Compare pairs of files:

% apply -2 cmp a1 a2 b1 b2

Pick some songs from a folder and enqueue on the playlist in Qt-based Multimedia Player:

% find "/usr/home/luiz/Music/Cauby Peixoto" -type f -print | pick -f | xargs qmmp -e

Move commits from one branch to another, from the oldest to the newest, on the git(1) RCS utilizing the git-cherry-pick(1) utility.
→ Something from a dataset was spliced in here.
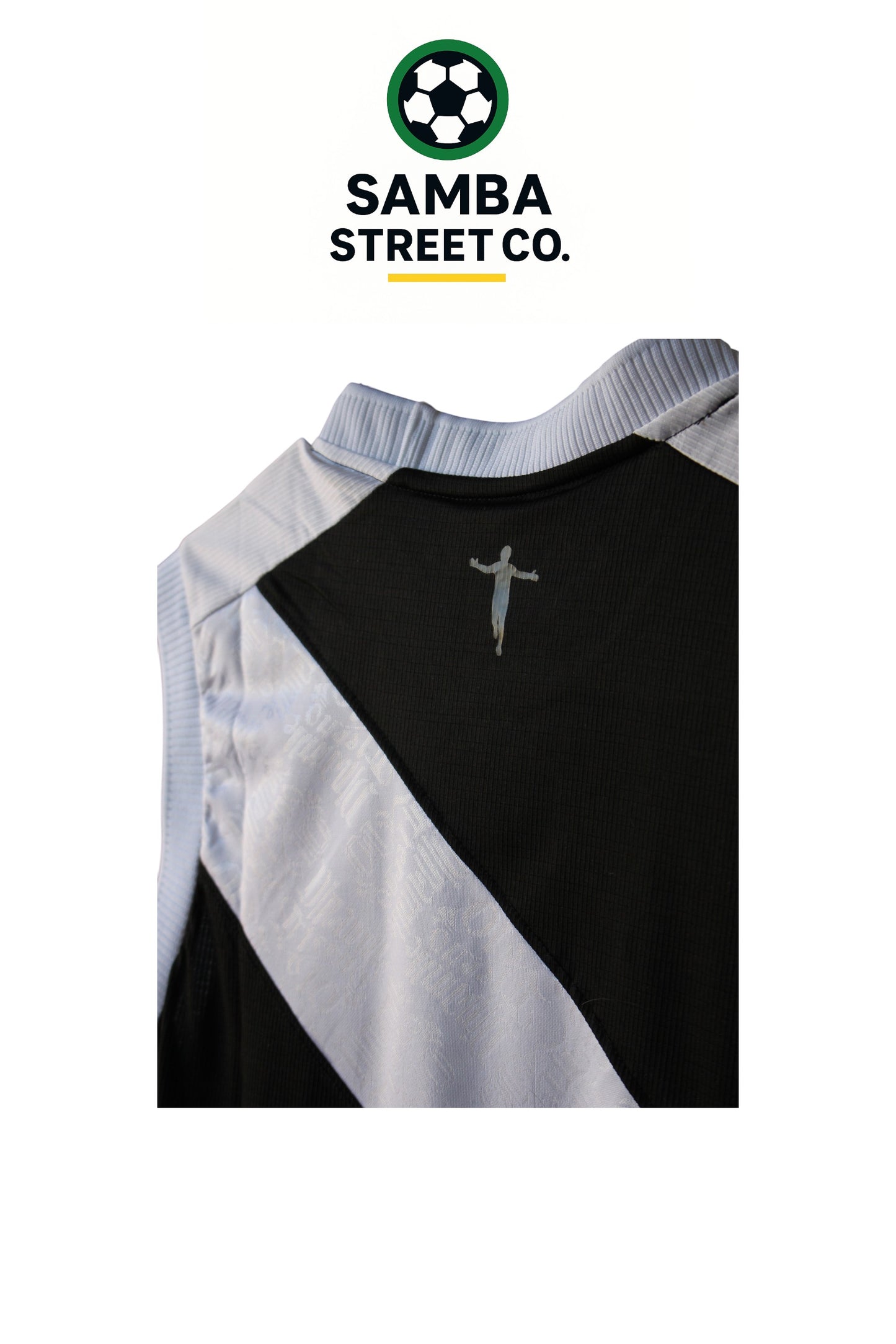 Vasco Tanktop Special Edition: Dinamite player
% git log --oneline | pick | cut -d' ' -f1 > /tmp/to-cherrypick.txt
% git checkout mala # Another branch
% apply 'git cherry-pick' `tail -r /tmp/to-cherrypick.txt`

Pick '.c' and '.h' files and count the lines from each:

% wc -l `pick *.[ch]`

Same as before, with different processes for each file:

% apply 'wc -l' `pick *.[ch]`

Far from useful, but a really fun way of writing the lyrics for "99 bottles of beer", taking advantage of the fact that apply calls sh(1) per default:

% apply "s=''; [ %1 -ne 1 ] && s='s'; \
printf '%d bottle%c of beer on the wall, %d bottle%c of beer.\n' \
%1 \"$s\" %1 \"$s\"; \
printf 'Take one down and pass around,'; \
if [ -n $s ]; then \
printf ' %d bottle%c of beer on the wall.\n' `expr %1 - 1` \"$s\"; \
else \
printf ' no more bottles of beer on the wall!\n'; \
fi" `seq 99 -1 1` 

Path name to an alternative shell program to be used.

sh(1), xargs(1)

Because of the algorithm for applying every argument from args into the command string and then executing it via a system(3)-oid, it is slightly slower than something that could be crudely made as a sh(1) native function, but one shall not be bothered since the difference is pretty much negligible.

Pick is implemented, albeit it has a -f option as an extension to deal with not-so portable file names, intensively following its historical description at the AT&T Research Unix v10 manual page, which is the reason to it being extremely simple. Since nothing about it besides the description at the manual could be found, this implementation is just a reconstruction of the original concept and maybe differ in some small aspects.

Use special shell metacharacters at the command string with care, enclosing it in single quotes when needed; if not, one can get some bizarre results.

This could be seen more like a technical limitation of the way characters and strings work in the C programming language than a bug per se, but only plain ASCII magic characters are supported.

An apply command first appeared in 4.2BSD.
Then, via 4.2BSD, it got into Bell Labs' CSRC for the 8th edition of Research Unix and stayed there until the 10th edition, when it became accompanied by a pick command, which is very shady since an 10th edition of the Research Unix never existed uniformly and, just as other utilities, it's mentioned in the manual but neither its source nor binaries are present.
Per the 4.2BSD manual page for apply, the authorship is attributed to Rob Pike; just some guy who made part of small and fairly niche projects such as the Blit terminal, UTF-8, Plan 9, acme and sam editors, Limbo, Inferno and the Go Programming Language.